EXERCISE DESCRIPTION: Though the records contain pictures, copy none of them; repeat exactly the lines from the one with "Sarı arka planda" to the end.

Records from a data source:
*-*-*

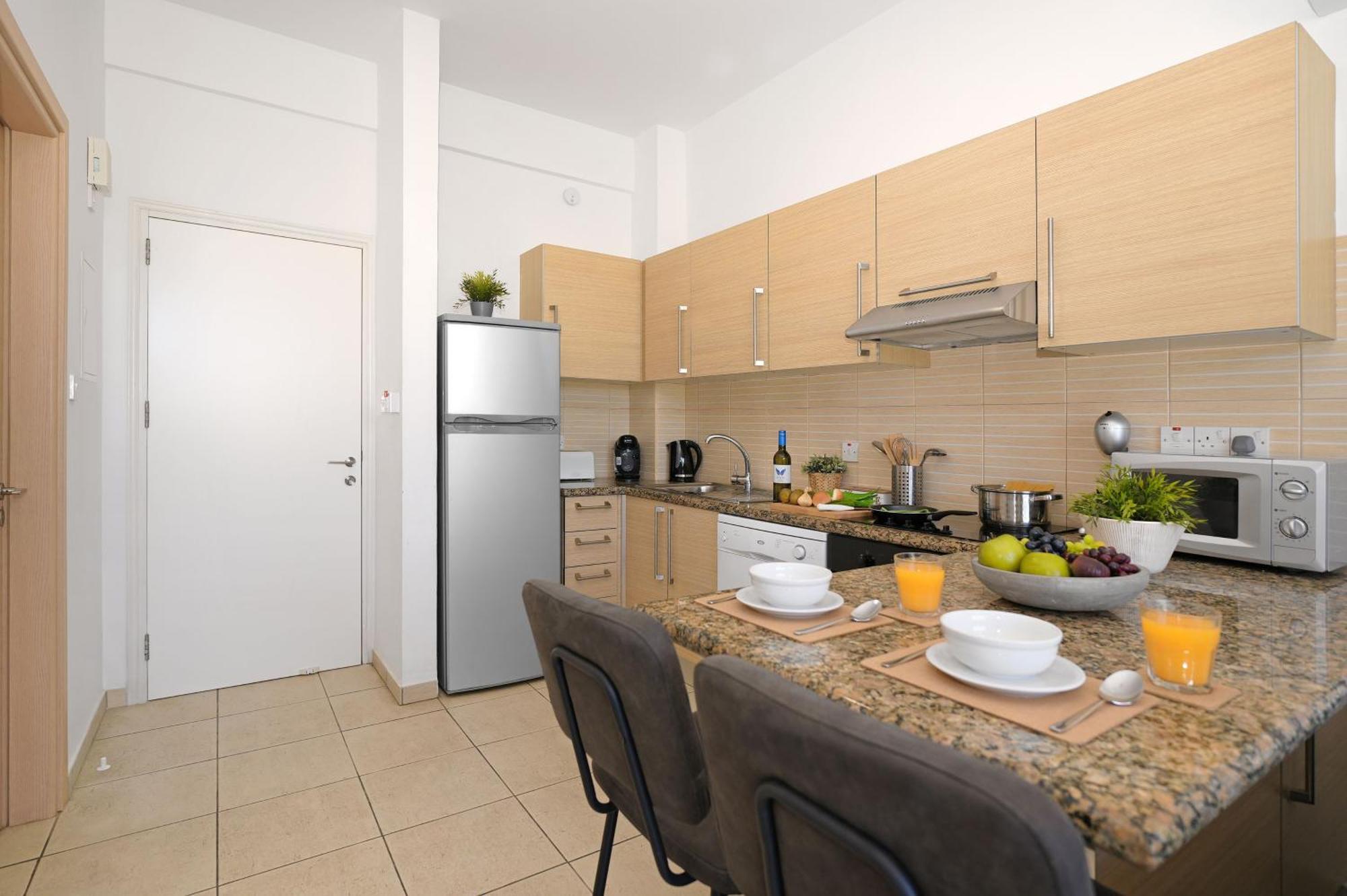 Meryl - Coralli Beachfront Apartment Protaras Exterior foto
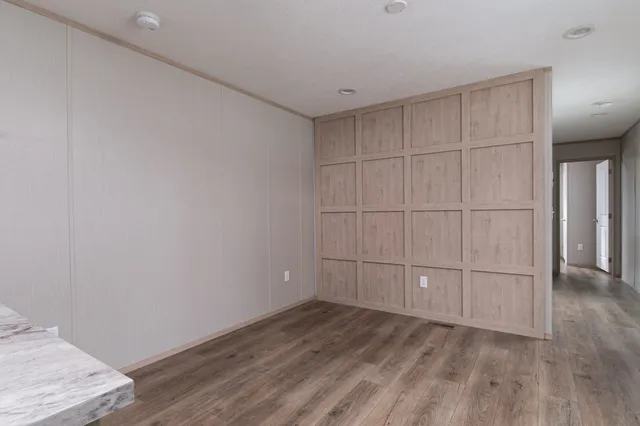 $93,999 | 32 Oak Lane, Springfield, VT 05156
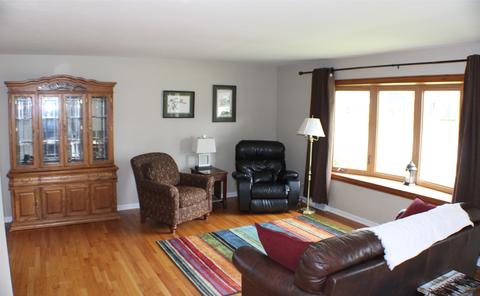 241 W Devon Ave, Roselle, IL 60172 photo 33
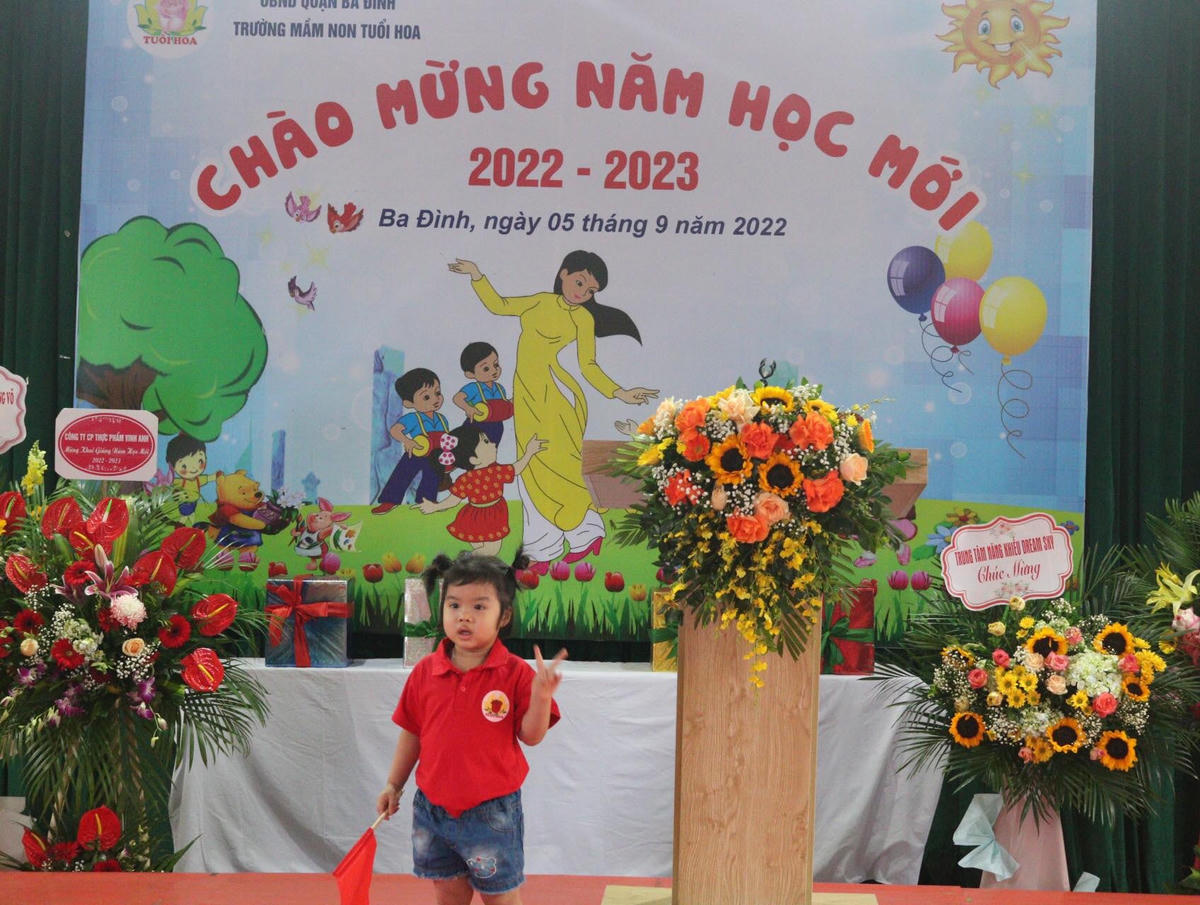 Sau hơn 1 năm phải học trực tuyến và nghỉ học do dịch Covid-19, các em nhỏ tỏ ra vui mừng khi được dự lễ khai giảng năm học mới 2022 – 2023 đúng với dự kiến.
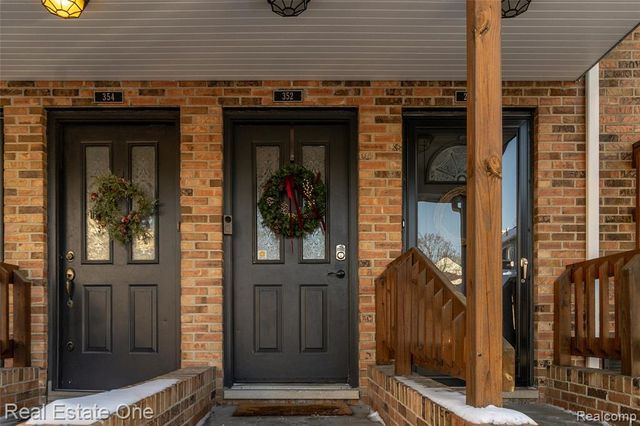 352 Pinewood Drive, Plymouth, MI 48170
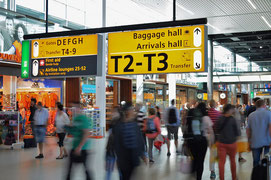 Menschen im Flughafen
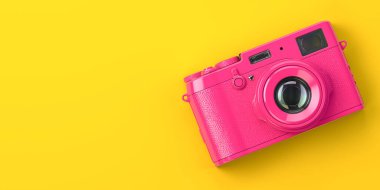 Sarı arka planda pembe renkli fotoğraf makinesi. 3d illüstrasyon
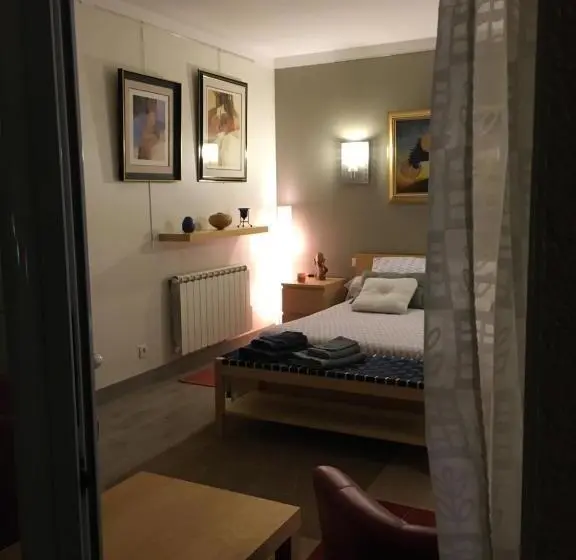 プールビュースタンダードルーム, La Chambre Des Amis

*-*-*

SOLUTION TO THIS TASK:
 Sarı arka planda pembe renkli fotoğraf makinesi. 3d illüstrasyon
 プールビュースタンダードルーム, La Chambre Des Amis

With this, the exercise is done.